You can send either a field `timestamp` with your dataset containing a UNIX-Timestamp or the service will add this information with its current time. The service generate some further time relevant fields inside the training dataset you can although use as `features`. These are `month_of_year`, `day_of_month`, `day_of_week`, `hour_of_day` and `minute_of_hour`

If one of your sensors is not working at the moment and for this not sending a value the service will add a value by using the following rules. For `categorical data` all categorical columns will be set to zero.
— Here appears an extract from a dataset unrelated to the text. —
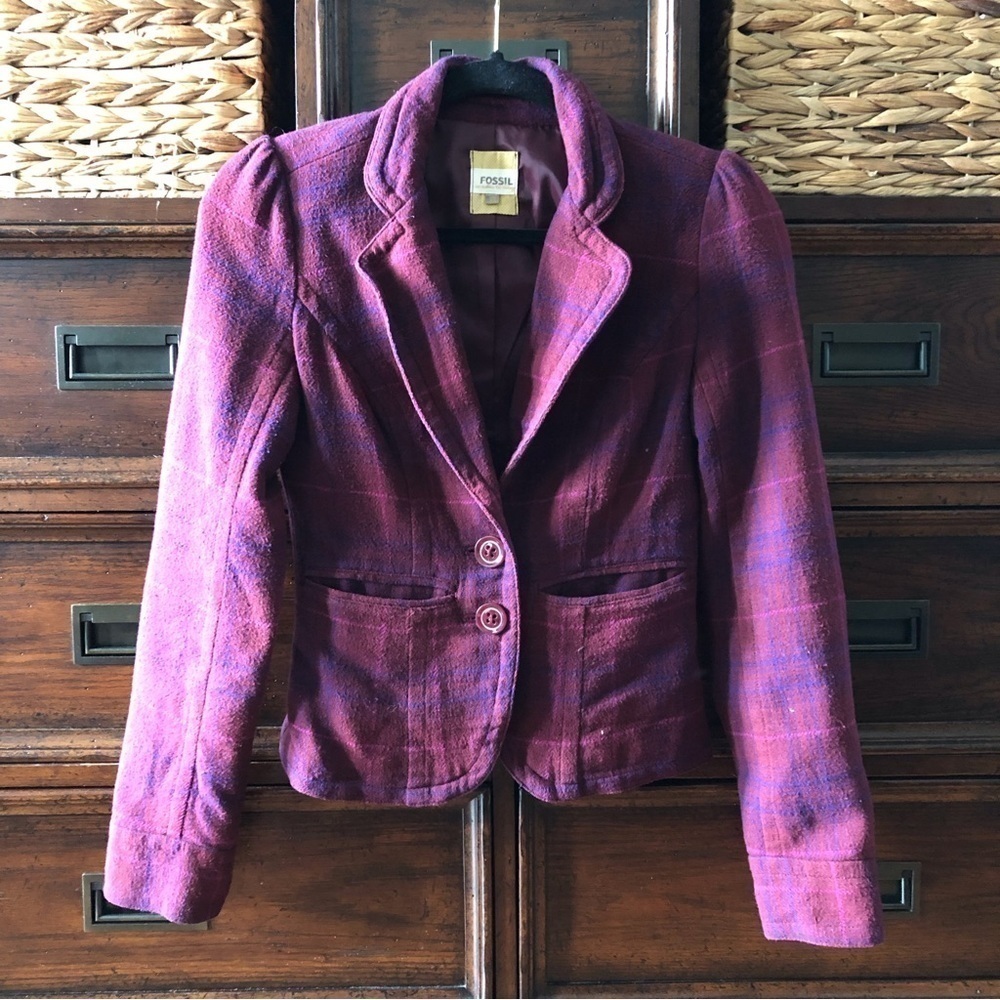 Fossil purple plaid blazer in size XS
For `numerical data` the mean of all known training set values (see Test size) for this `feature` will be assumed.

To train the brain with existing data for example after a service update use a POST request without data:

```
# URL is http://host:5000/brain/:name/training
curl --location --request POST 'http://localhost:5000/brain/darkness/training'
```

To get the information about a trained brain use a GET request:

```
# URL is http://host:5000/brain/:name/info
curl --location --request GET 'http://localhost:5000/brain/darkness/info'
```

## Prediction

To predict a new data set with your brain send a POST request:

```
# URL is http://host:5000/brain/:name/prediction
curl --location --request POST 'http://localhost:5000/brain/darkness/prediction' \
--header 'Content-Type: application/json' \
--data-raw '{    
    "azimuth": 321.4441223144531,
    "elevation": -19.691608428955078,
    "rain_gauge": 0.0,
    "pressure_trend_1h": "falling"
}'
```

If one of your sensors used as `feature` in the brain is not working at the moment and for this not sending a value the service will add this by using following rules. For `categorical data` all categorical columns will be set to zero. For `numerical data` the mean of all known training set values (see Test size) for this `feature` will be assumed.